# Sears Craftsman Lathe Problem



## alexsmithlonglake (Mar 24, 2017)

Hey folks!
Got a question: I’ve got an old Sears Craftsman Model 113.228162 lathe, and the other day I was turning a spindle on it. I turned off the lathe and noticed that the piece stopped rather suddenly rather than carrying on spinning while slowing down like normal. When I turned it on again the motor hummed but the headstock pulley never started spinning. When I tried to turn it by hand it wouldnt budge. 
I oiled it and left for the night, and when I came back in the morning it started as it normally would. After working for an hour, it stopped on its own. Once again, the motor hummed but the pulley was hard to turn. I can now hand start it if the belts are off and there’s no load at all (it runs at normal RPM in this case) but if I put the belt on and load the motor at all it cant be started.
Any ideas? Any help would be much appreciated!


----------



## Mr Mac (May 31, 2010)

First, welcome to the forum!

I would have the motor checked out as it is likely a bearing issue. Last time I had one rebuilt it cost about $80 and that was far cheaper than a new motor!

Mac


----------



## Bob Willing (Jul 4, 2008)

alexsmithlonglake said:


> Hey folks!
> Got a question: I’ve got an old Sears Craftsman Model 113.228162 lathe, and the other day I was turning a spindle on it. I turned off the lathe and noticed that the piece stopped rather suddenly rather than carrying on spinning while slowing down like normal. When I turned it on again the motor hummed but the headstock pulley never started spinning. When I tried to turn it by hand it wouldnt budge.
> I oiled it and left for the night, and when I came back in the morning it started as it normally would. After working for an hour, it stopped on its own. Once again, the motor hummed but the pulley was hard to turn. I can now hand start it if the belts are off and there’s no load at all (it runs at normal RPM in this case) but if I put the belt on and load the motor at all it cant be started.
> Any ideas? Any help would be much appreciated!


Sounds like the starting capacitor is bad or the starting windings are bad.


----------



## Maylar (Sep 3, 2013)

Bob Willing said:


> Sounds like the starting capacitor is bad or the starting windings are bad.

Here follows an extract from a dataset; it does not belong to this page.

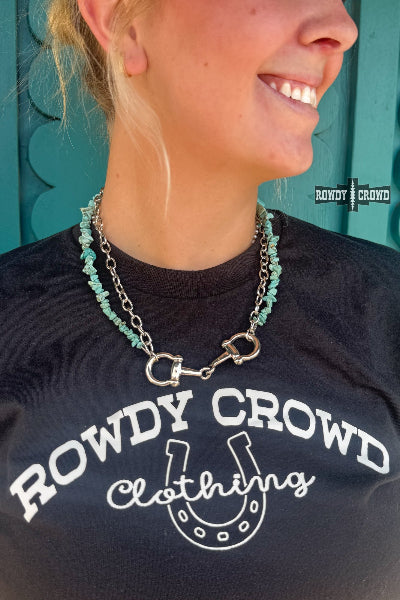 A close-up lifestyle shot of a woman wearing a silver horse-bit style necklace with turquoise beads, layered over a black t-shirt with a white 'ROWDY CROWD' graphic. The background is a teal wooden door available at Rowdy Crowd Clothing.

Not if the shaft won't turn. That's probably bearings.


----------



## holtzdreher (Jul 20, 2016)

a little confusing because at one point he says he could not turn the head stock pulley. Yes sounds like the motor/bearings, if the motor can't be turned. Perhaps the belt was over tightened too long. Hard to say. If on the other hand, the head stock pulley is stopping up, probably the head stock bearings. If the headstock bearings, I do not know whether it is worth installing new bearings.


----------



## Mr Mac (May 31, 2010)

As bearings go bad they tend to heat up and things get tight until they bind due to expansion. Let them cool a bit and things start to turn again...for a bit.


----------



## Gary Beasley (Jan 21, 2009)

Ive had problems like this with older motors, one was a hundred years old! The grease in the bearings eventually breaks down into an asphalt like mess that freezes in place as it cools down essentially gluing the shaft in place. The cure was disassembly, wash out the bearings with a good solvent, relube and reassemble. This is especially bad with journal bearings. In your case this may be happening with the headstock bearings as you say the motor will start without the belt. A quick and nasty check will be to flush out the bearings with solvent until it all feels loose and relube it. If it still freezes up when cooled it will need disassembly and clean or replace the bearings.


----------



## Pineknot_86 (Feb 19, 2016)

I would use this as an excuse to buy a new lathe. Good luck on getting a solution to the problem.


----------



## alexsmithlonglake (Mar 24, 2017)

*Thanks*

Much appreicated! I’m trying to get the pulley off to get the motor apart and it wont budge, removed the little hex set screw but its still stuck on any idea if theres anything else to remove?


----------



## alexsmithlonglake (Mar 24, 2017)

Update: got it apart and lubricated the bearings, shaft is spinning freely now. However, there’s now some fore and aft play in the shaft for some reason, enough that when run with the belt on the pulley and shaft are pulled ahead enough that the fan interferes with the housing at the front of the motor. It seems as though there should be some kind of spacer to keep this from happening, but one never came out. Any ideas?


----------